Automated extraction of behaviour model of applications
Highly replicated cloud applications are deployed only when they are deemed to be functional. That is, they generally perform their task and their failure rate is relatively low. However, even though failure is rare, it does occur and is very difficult to diagnose. We devise a tool for failure diagnosis which learns the normal behavior of an application in terms of the statistical properties of variables used throughout its execution, and then monitors it for deviation from these statistical properties. Our study reveals that many variables have unique statistical characteristics that amount to an invariant of the program. Therefore, any significant deviation from these characteristics reflects an abnormal behavior of the application which may be caused by a program error.
It is not possible to get the invariant from the application's static code analysis alone. For example, the name of a person usually does not include a semicolon; however, an intruder may try to do a SQL injection (which will include a semicolon) through the `name' field while entering his information and be successful if there is no checking for this case. This scenario can only be captured at runtime and may not be tested by the application developer. The character range of the `name' variable is one of its statistical properties; by learning this range from the execution of the application it is possible to detect the above described abnormal input. Hence, monitoring the statistics of values taken by the different variables of an application is an effective way to detect anomalies that can help to diagnose the failure of the application.
We build a tool that collects frequent snapshots of the application's heap and build a statistical model solely from the extensional knowledge of the application. The model characterizes the application's normal behavior. According to our literature studies, we are the first to design a monitoring tool that collects frequent snapshots in term of Java heap dump and use it to determine the application's behavior model without relying on any prior expected-behavior's specification or code instrumentation.
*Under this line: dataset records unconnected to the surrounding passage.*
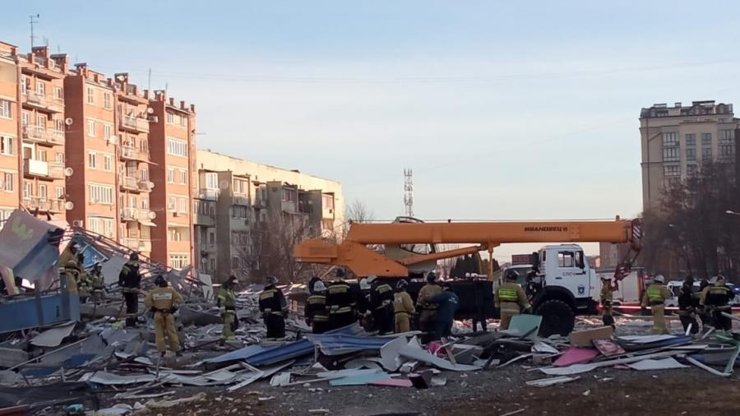 Во Владикавказе взрывом разрушено здание супермаркета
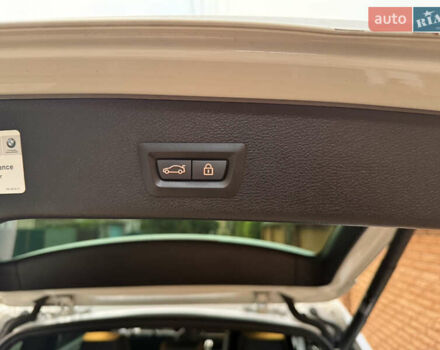 Білий БМВ Х3, об'ємом двигуна 2.98 л та пробігом 132 тис. км за 17500 $, фото 31 на Automoto.ua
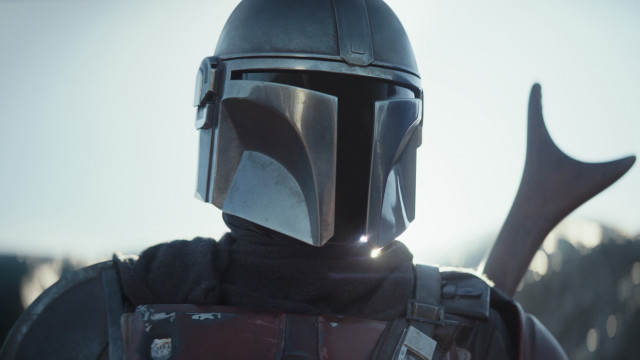 Star wars costumed man weapon free wallpaper - medium preview image
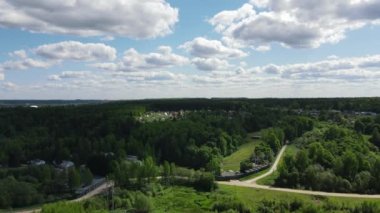 Moskova kırsalındaki köy ve ormanların insansız hava aracı görüntüsü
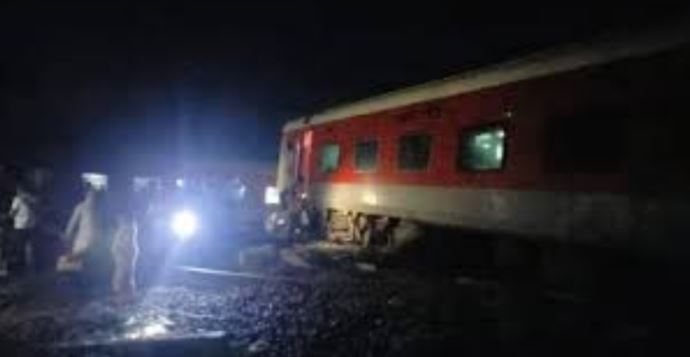 Punjab Train Accident: दो मालगाड़ियों में टक्कर, कई ट्रेनें प्रभावित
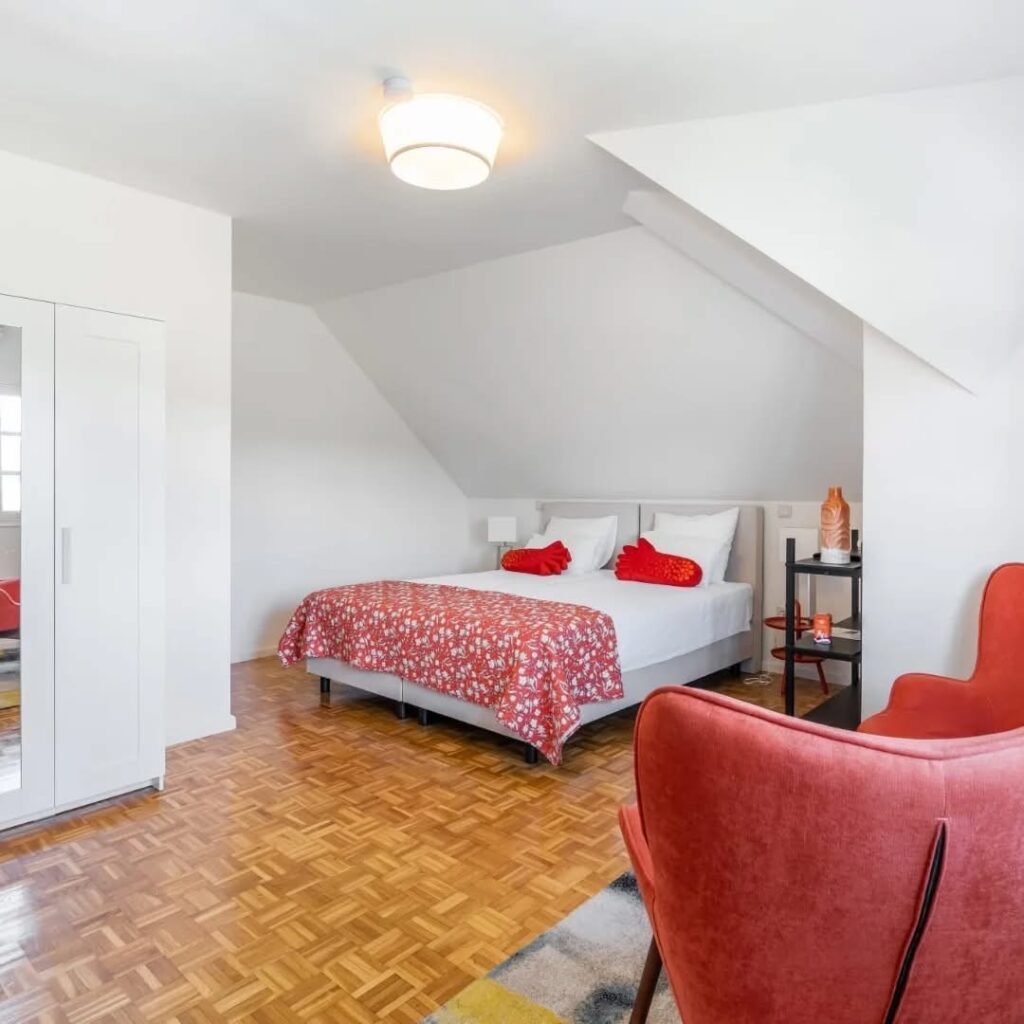 FEBF943C-8BB7-4D75-83F4-DBE3AB5B971F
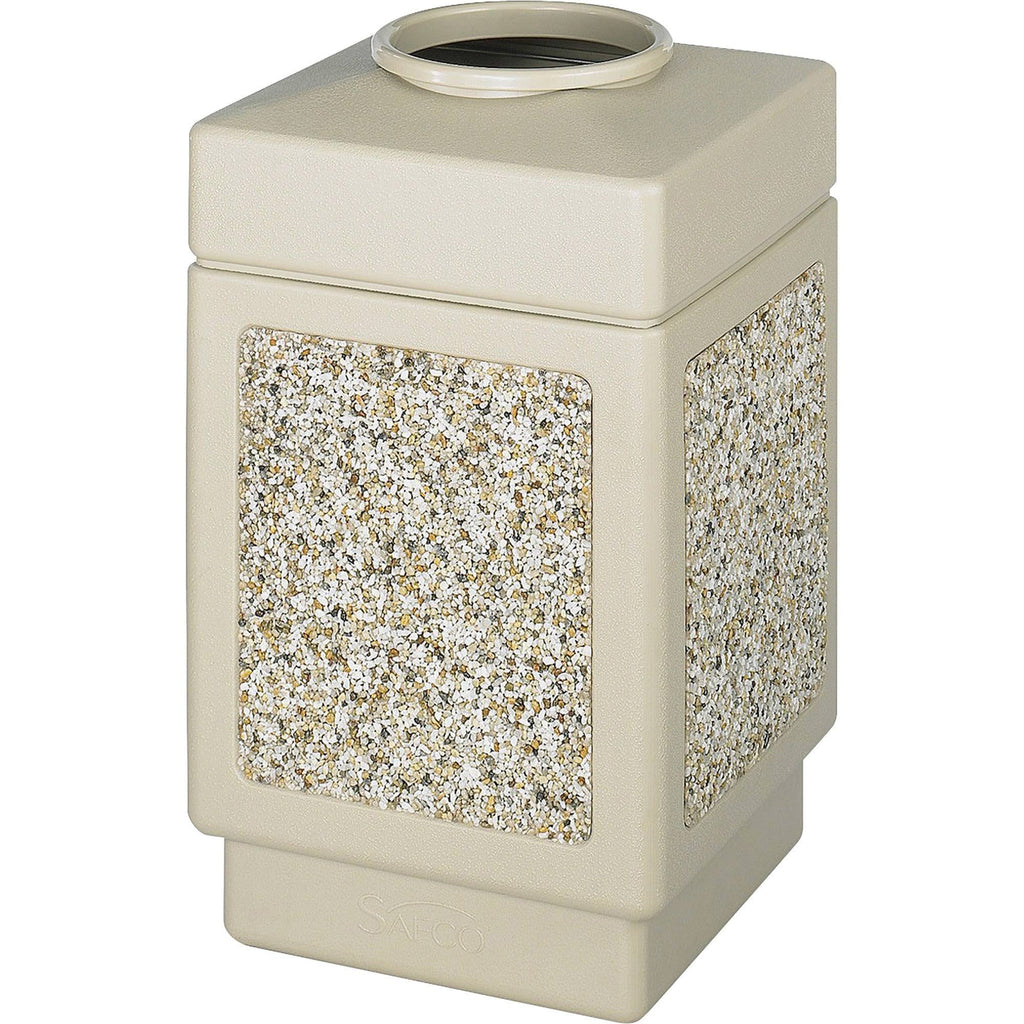 38 gal Outdoor Plastic Trash Can R941877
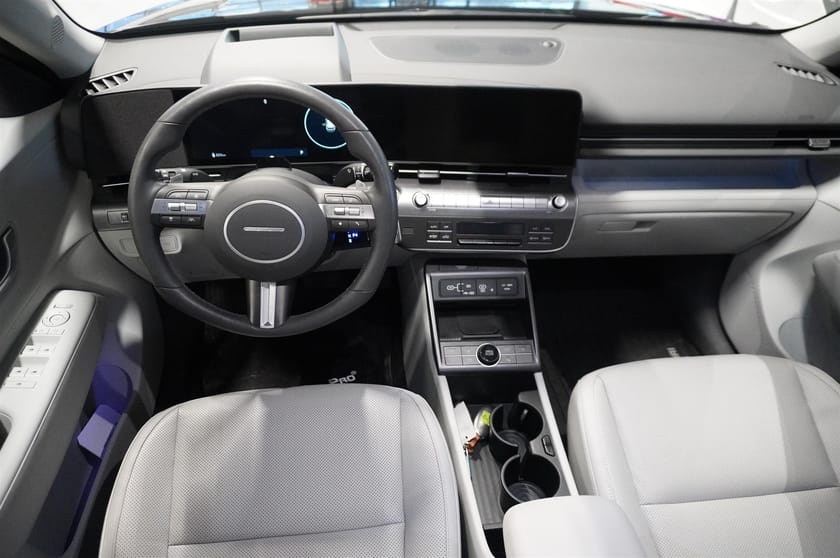 Bild 2 av Hyundai Kona Electric Long Range EV 65 kWh Advanced 512km Wltp Adaptiv Farthållare Backkamera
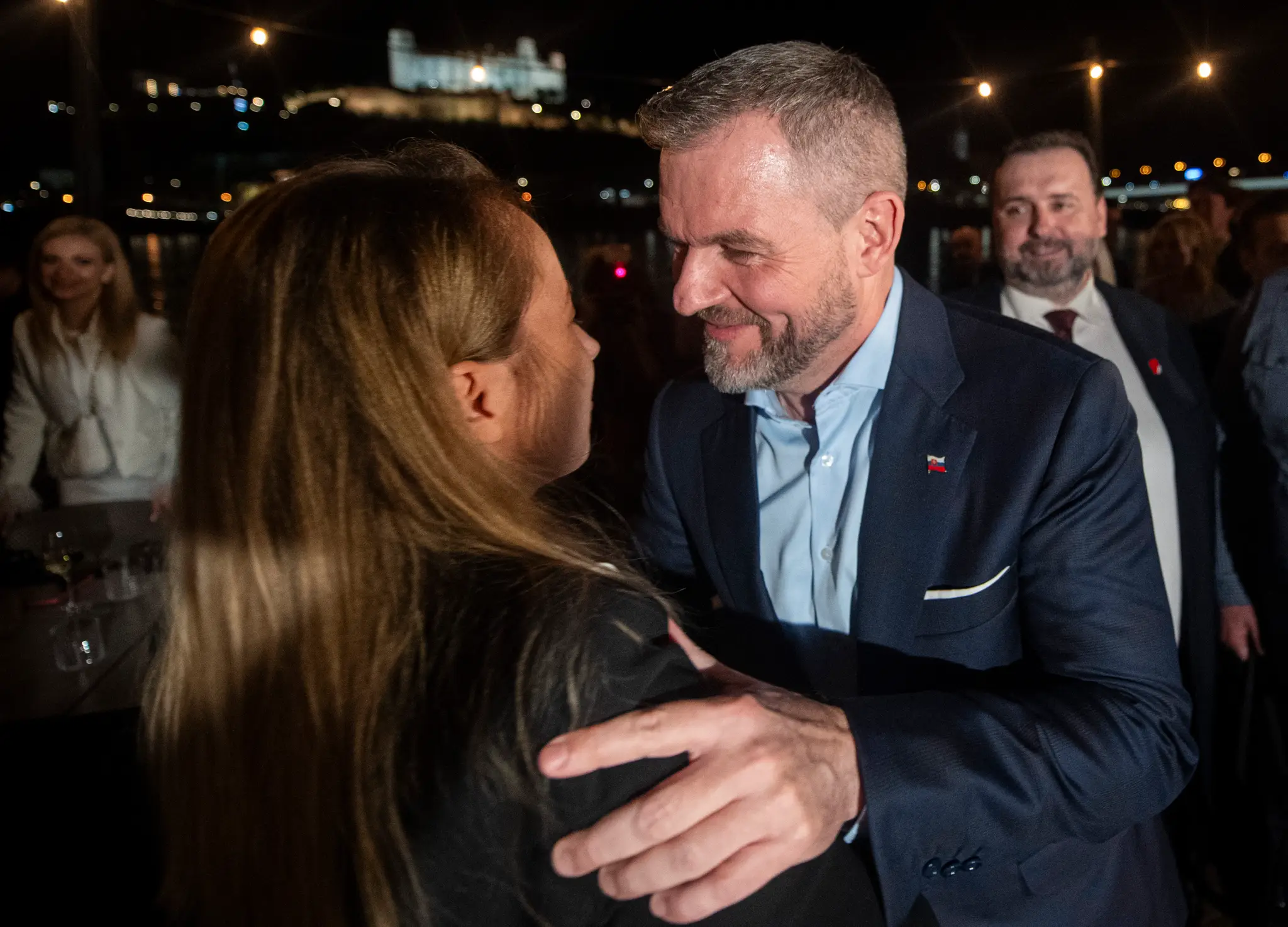 Peter Pellegrini počas príchodu do svojej volebnej centrály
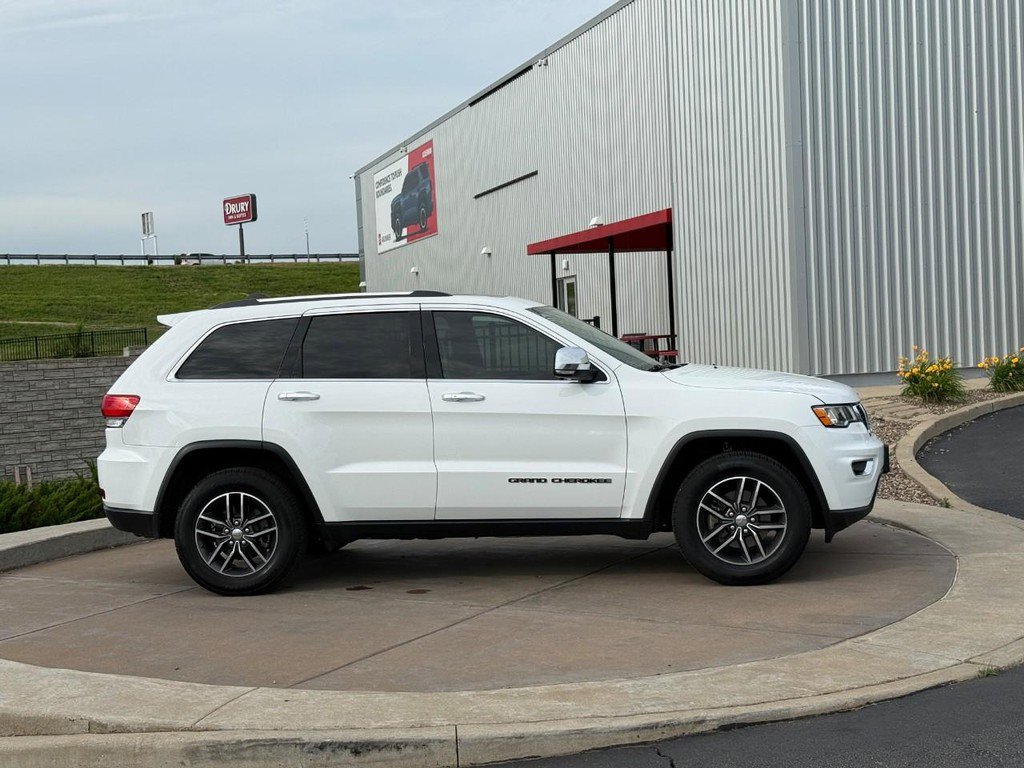 Used 2018 Jeep Grand Cherokee Limited AWD/4WD image 2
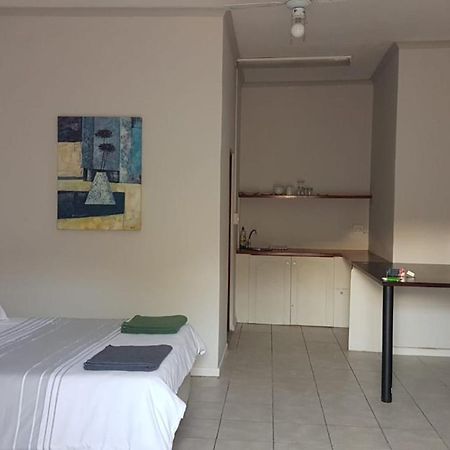 Le Grec Wine Tram Apartment Franschhoek Bagian luar foto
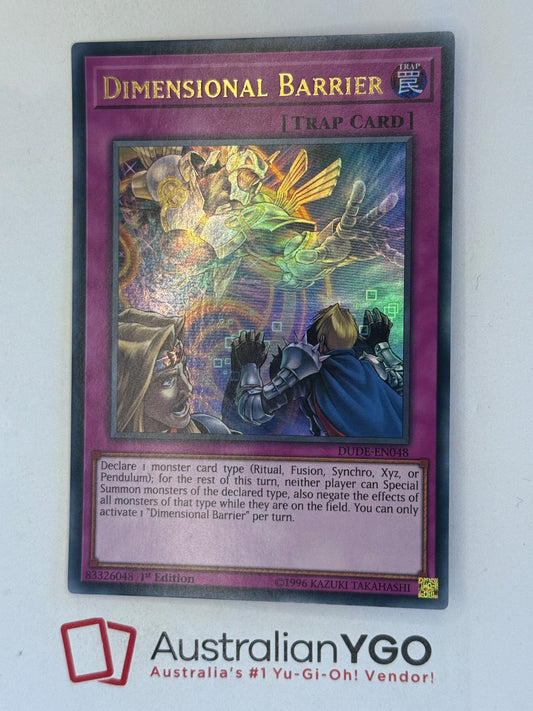 DIMENSIONAL BARRIER DUDE-EN048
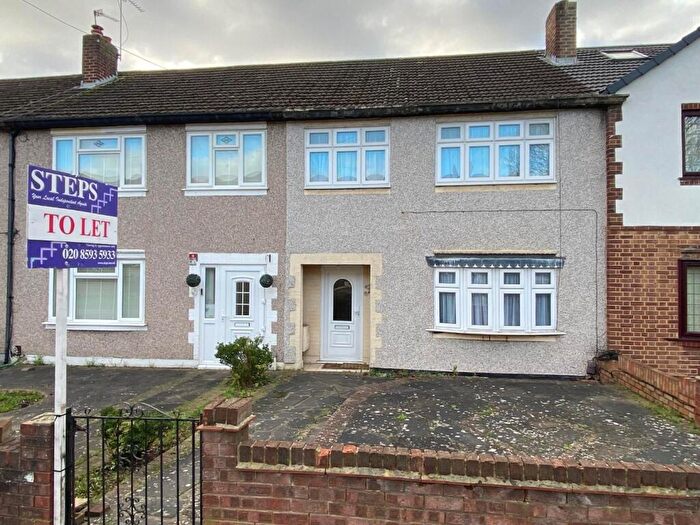 3 Bedroom Terraced House To Rent In Tweed Glen, Romford, RM1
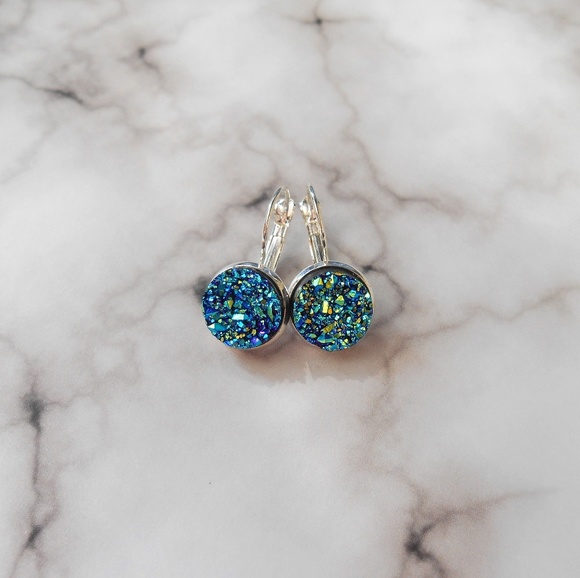 🆕️ Druzy French Hook Earrings - Picture 2 of 6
Our approach allows a behavior model to be automatically and efficiently built using the monitoring data alone. We evaluate the correctness of our approach by applying it on an e-commerce application and online bidding system, and then derive different statistical properties of variables from their runtime-exhibited values. Our experimental result demonstrates 96% accuracy in the generated statistical model. The high accuracy level indicates that our tool can successfully determine the application's normal behavior without any prior knowledge of its expected behavior. Moreover, our tool also correctly detected two anomalous condition while monitoring the application with a small amount of injected fault. In addition to anomaly detection, our tool logs all the variables of the application that violates the learned model. The log _le can help to diagnose any failure caused by the variables and gives our tool a source-code granularity in fault localization.